9. Duration, termination, and termination of contract

  1. The contractual relationship begins at the time of agreement and runs for an indefinite period.

  2. The contractual relationship can be terminated by either party with a notice period of 4 weeks to the end of the respective month.

10. Secrecy

The parties will keep all confidential information of the other party secret and take all necessary technical and organizational precautions to protect all confidential information to which they have access from unauthorized access, loss, destruction, and modification. They shall treat confidential information with the same care as they apply to their own equally confidential information, but at least with the care of a prudent businessman. This obligation shall continue to exist after the termination of the contractual relationship.

11. Data protection and compliance

The Customer shall ensure on its own responsibility that all compliance requirements are fulfilled within the framework of the contractual relationship and - insofar as personal data is processed in this context - that the provisions of data protection (DSGVO, BDSG, etc.) are implemented in a legally compliant manner and continuously observed. In order to ensure the security and confidentiality of the data subject to data protection, the Customer shall, in particular, take and maintain the necessary technical and organizational measures.

12. Final provisions

  1. The entire contractual relationship of the parties, as well as the services rendered by the parties hereunder, shall be governed exclusively by the laws of the Federal Republic of Germany, excluding the UN Convention on Contracts for the International Sale of Goods and the conflict of laws provisions; Article 3 EGBGB shall remain unaffected.

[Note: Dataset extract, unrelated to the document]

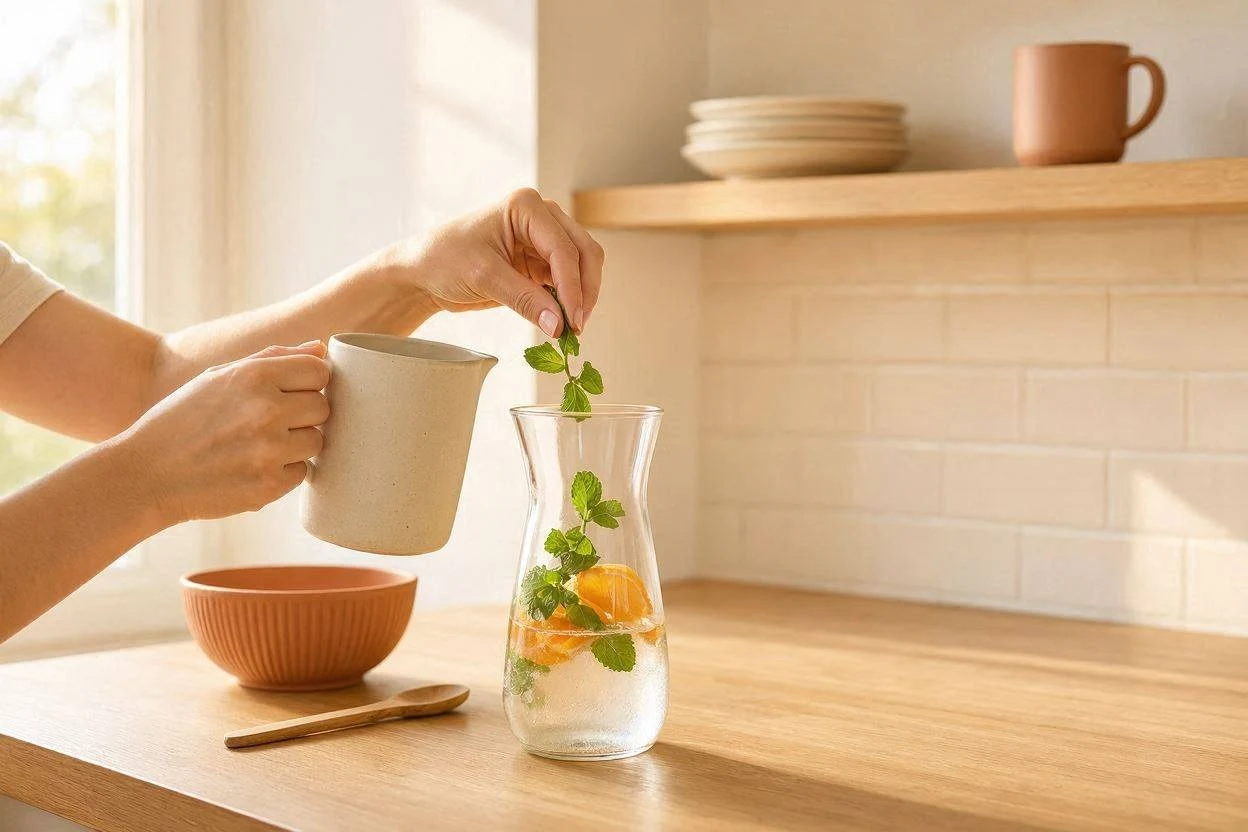 Woman preparing a healthy drink in her kitchen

  2. The customer may only offset Kombo's remuneration claims under this contract against claims that have been legally established or acknowledged by Kombo. The assertion of rights of retention due to the owed service fee can also be asserted due to the unjustified non-fulfillment of the customer's obligations from the contractual relationship for the provision of the tool.

  3. The place of performance and jurisdiction for the mutual claims arising from the contractual relationship is the registered office of Kombo unless otherwise specified. Kombo is entitled to take legal action against the customer at his general place of jurisdiction. 

  4. Should individual provisions of these GTC be ineffective or lose their effectiveness due to a circumstance occurring at a later date, the effectiveness of the respective contract shall remain unaffected in all other respects. The same applies to loopholes in these GTC.